• _What you have to do_
Copy out, unchanged, the entries below from the "Mcllroy Pave Black" line to the final line. Omit pictures.

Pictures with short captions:
*** Begin section ***
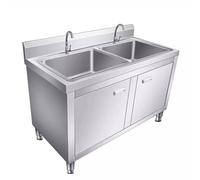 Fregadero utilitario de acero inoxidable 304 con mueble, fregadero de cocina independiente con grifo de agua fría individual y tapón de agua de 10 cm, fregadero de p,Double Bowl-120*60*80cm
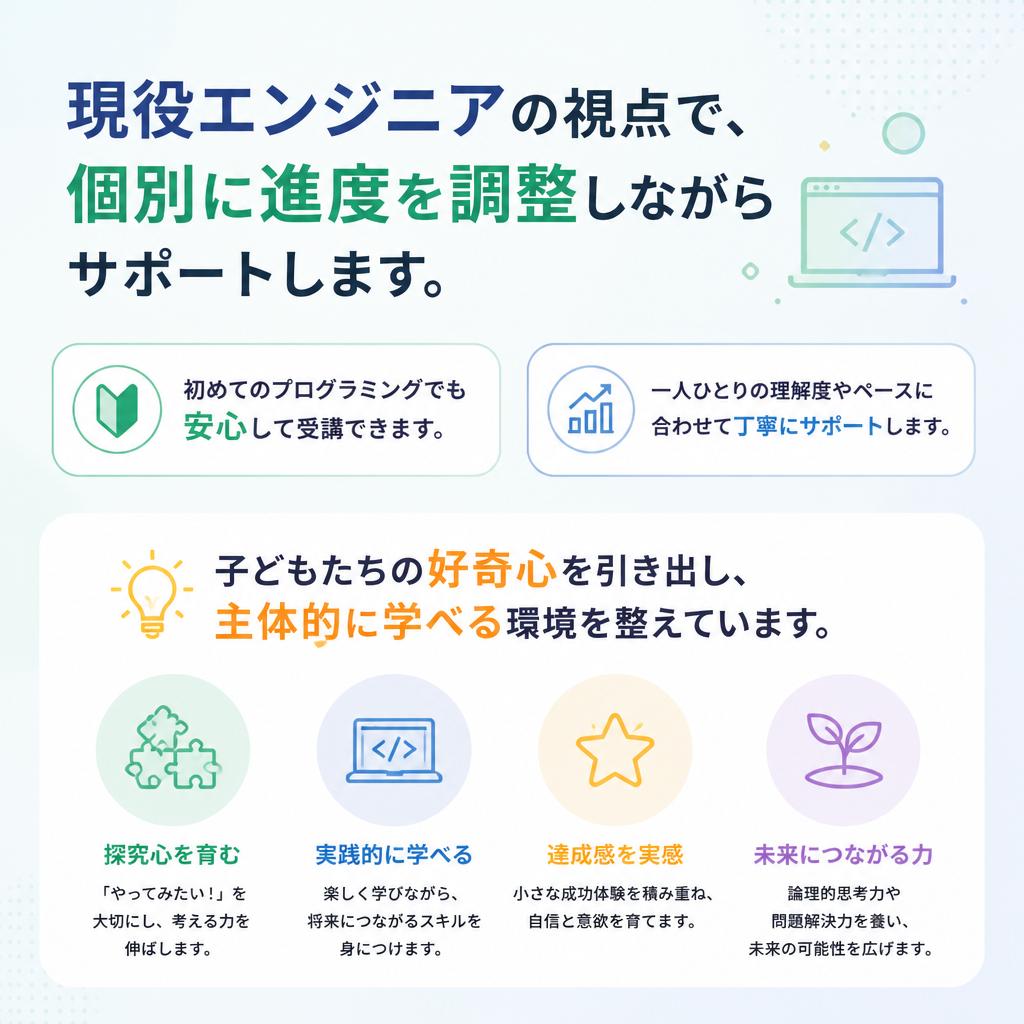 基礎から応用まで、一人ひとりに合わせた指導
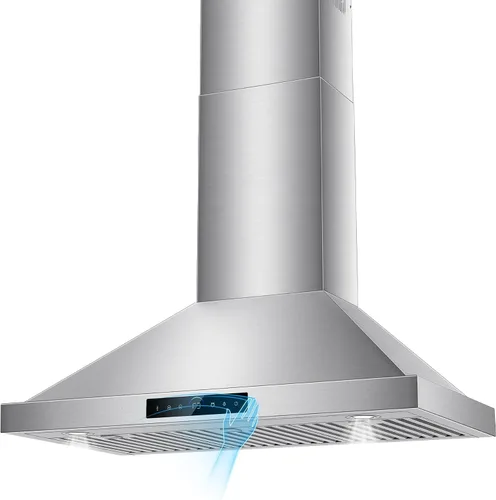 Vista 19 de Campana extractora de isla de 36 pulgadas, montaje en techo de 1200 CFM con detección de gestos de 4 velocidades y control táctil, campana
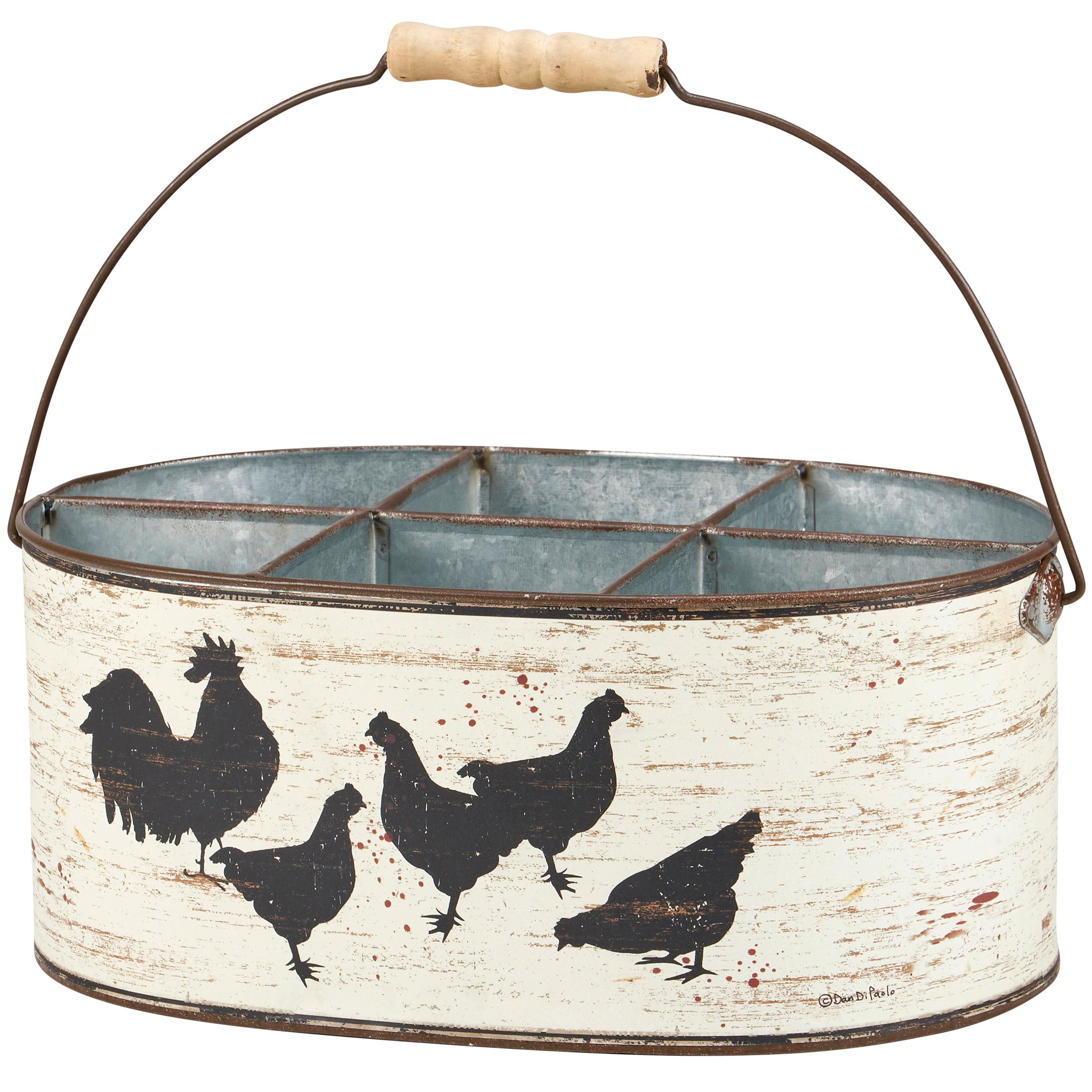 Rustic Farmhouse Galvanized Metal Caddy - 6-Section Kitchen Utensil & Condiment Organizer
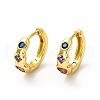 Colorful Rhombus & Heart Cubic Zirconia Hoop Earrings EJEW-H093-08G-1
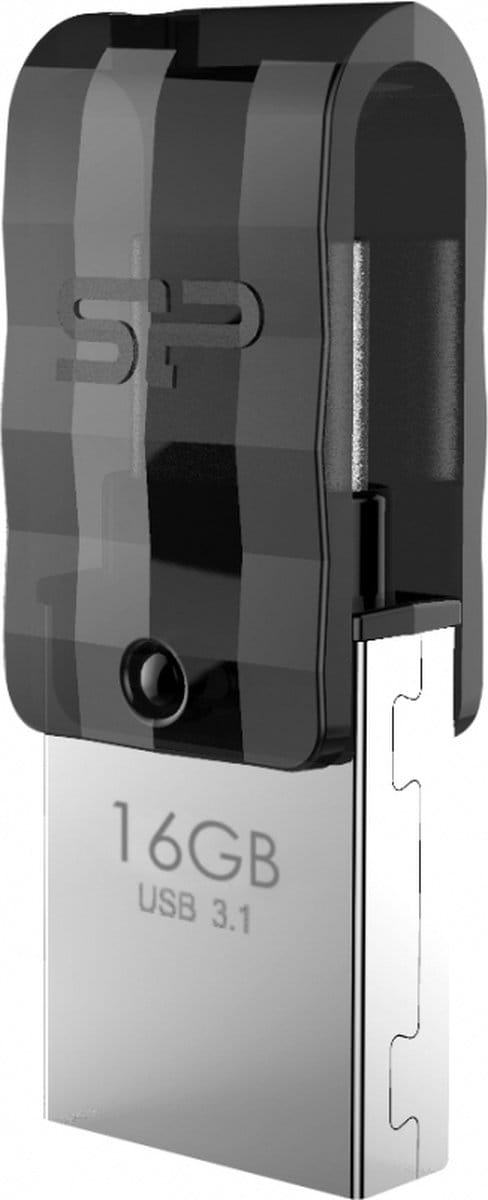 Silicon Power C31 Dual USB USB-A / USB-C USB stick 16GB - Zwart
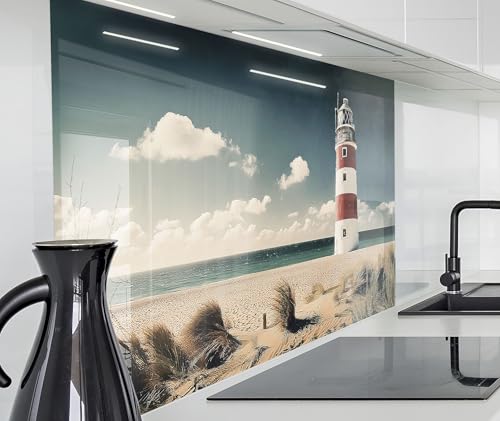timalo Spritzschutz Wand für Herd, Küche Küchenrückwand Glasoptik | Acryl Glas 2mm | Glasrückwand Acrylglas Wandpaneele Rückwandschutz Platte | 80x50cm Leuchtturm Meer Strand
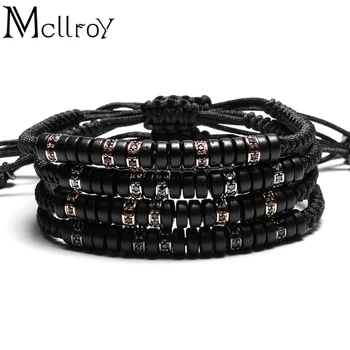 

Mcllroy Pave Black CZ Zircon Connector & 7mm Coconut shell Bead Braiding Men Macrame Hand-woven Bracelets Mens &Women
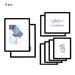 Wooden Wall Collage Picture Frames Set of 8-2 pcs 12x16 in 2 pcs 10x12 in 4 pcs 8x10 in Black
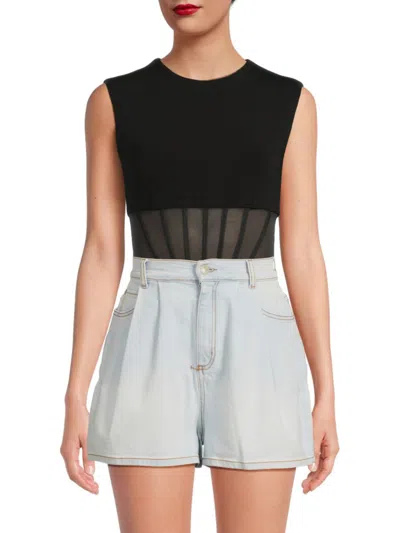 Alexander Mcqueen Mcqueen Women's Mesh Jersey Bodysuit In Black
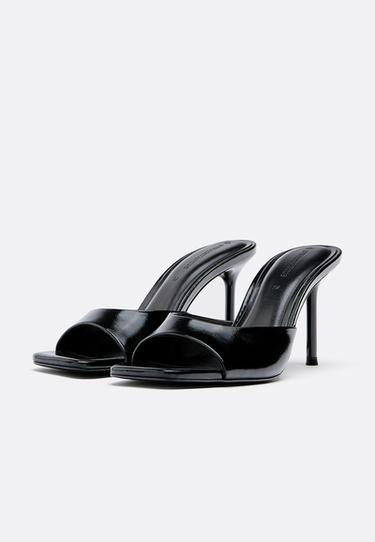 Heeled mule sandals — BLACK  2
*** End section ***
• _Expected answer_
Mcllroy Pave Black CZ Zircon Connector & 7mm Coconut shell Bead Braiding Men Macrame Hand-woven Bracelets Mens &Women
 Wooden Wall Collage Picture Frames Set of 8-2 pcs 12x16 in 2 pcs 10x12 in 4 pcs 8x10 in Black
 Alexander Mcqueen Mcqueen Women's Mesh Jersey Bodysuit In Black
 Heeled mule sandals — BLACK  2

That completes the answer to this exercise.